Qld group hoping McDonald’s trip will refine other deforestation policies

Eric Barker, 04/05/2023

WITH Europe passing laws to prevent the import of goods linked to deforestation, a group of Queensland producers is hoping to use a recent visit from burger chain McDonalds to help form fairer legislation.

Beef is one of the products Europe has named on its new non-tariff trade barrier – requiring producers to prove they have not destroyed forests to grow the product. The EU classes forests as woodland with 20pc canopy cover reaching five-metres-high.

Many have raised concerns about the broad legislation saying it does not allow for strategic land management techniques that can promote biodiversity and production at the same time. (More on that here)

While not as hard line, McDonalds has also made efforts to eliminate deforestation from its supply chain. It set a target to be deforestation-free by 2020 and at the end of 2021 said 97.2pc of its beef was not linked to deforestation. It is one of many major players in the supply chain setting targets to reduce deforestation – including JBS and Teys’ joint venture Cargill.

Queensland cattle producer Will Wilson. Photo: Jane Weatherley.

With these targets in mind, a group of Central Qld producers – including Will Wilson, Adam Coffey, David Hill and Melanee Leather with McDonald’s procurement arm FMG – took representatives from McDonalds Global, Teys, JBS and NH Foods on a trip around some properties in the area. Their task was to show the difference between brigalow scrub and the Amazon Rainforest.

“It was one of the most powerful pieces of advocacy I have ever been involved in,” said Mr Wilson, who is a former Agforce cattle president.

“It is really rare to have so many different parts of the supply chain come together in on a property and sort out an issue.”

In a Meat & Livestock Australia press release last year McDonald’s global supply chain director for beef Andrew Brazier said the deforestation policy was one of the trip’s priorities.

“Australia is a priority for us because it is such a critical sourcing region so, for example, it’s important we can be here to verify beef is not coming from areas of deforestation,” he said.

“We have these same requirements for our other supply chains like coffee, soy and fibre.”

The group made an agreement to help McDonalds make “needed revisions” to its Deforestation Free Beef Procurement policy in Queensland – by liaising with Teys, NH Foods, and JBS. It has the intention of going back to the drawing board with McDonald’s and its procurement arm FMG.

Opportunity for Europe to follow

In working with McDonalds, an offshoot of the Agforce cattle board called the ‘cattle land management committee’ has been set up to work through different pieces of legislation.

Mr Wilson said the early signs of the McDonalds visit were positive and he was hoping it could be a blueprint for Europe to follow in working with Australia.

“The policies Europe and McDonalds have are very similar and we are working towards creating a framework that suits everyone,” he said.

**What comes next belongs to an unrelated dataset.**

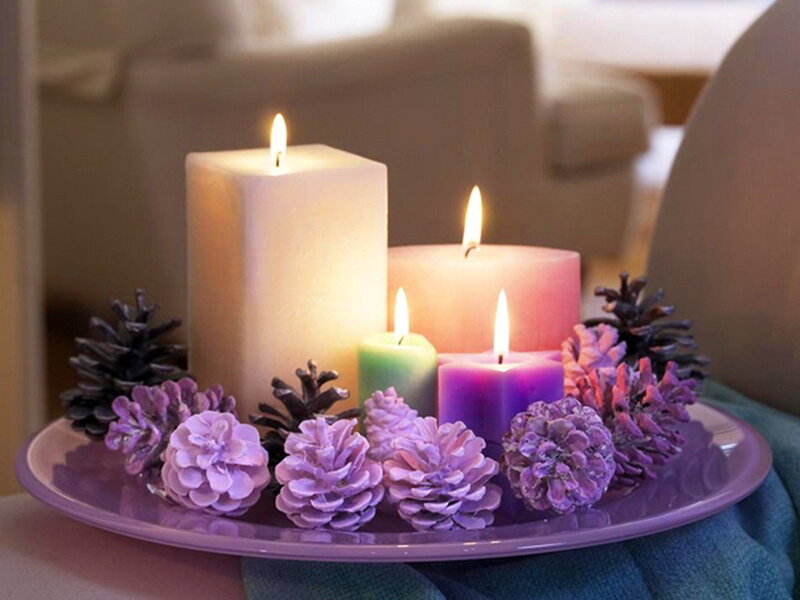 Candles and Pinecones — Purple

“We are in a very different situation to Europe, where the clearing happened many years ago and a lot of the environmental work is about replanting.

“In Qld, we are still working in a natural environment and we want to be able to manage the land for better production and environmental outcomes.”

Call for more producers to get involved

While the Qld group has declared the McDonald’s visit a success, many are still concerned about other deforestation policies and the definition of a forest.

Australian Beef Sustainability Framework chair Mark Davie last year said Europe’s laws were not science based and had a worrying reliance on satellites.

Qld’s vegetation management laws remain controversial and the Federal Government has vowed to deliver “tough cop on the beat” of land clearing.

Mr Wilson said if more producers were able to engage like they were able to with McDonalds last year, there was potential to deliver better outcomes for businesses and the environment.

“Producers are at the forefront of these targets and this legislation – often we are the ones that wear the cost of it,” he said.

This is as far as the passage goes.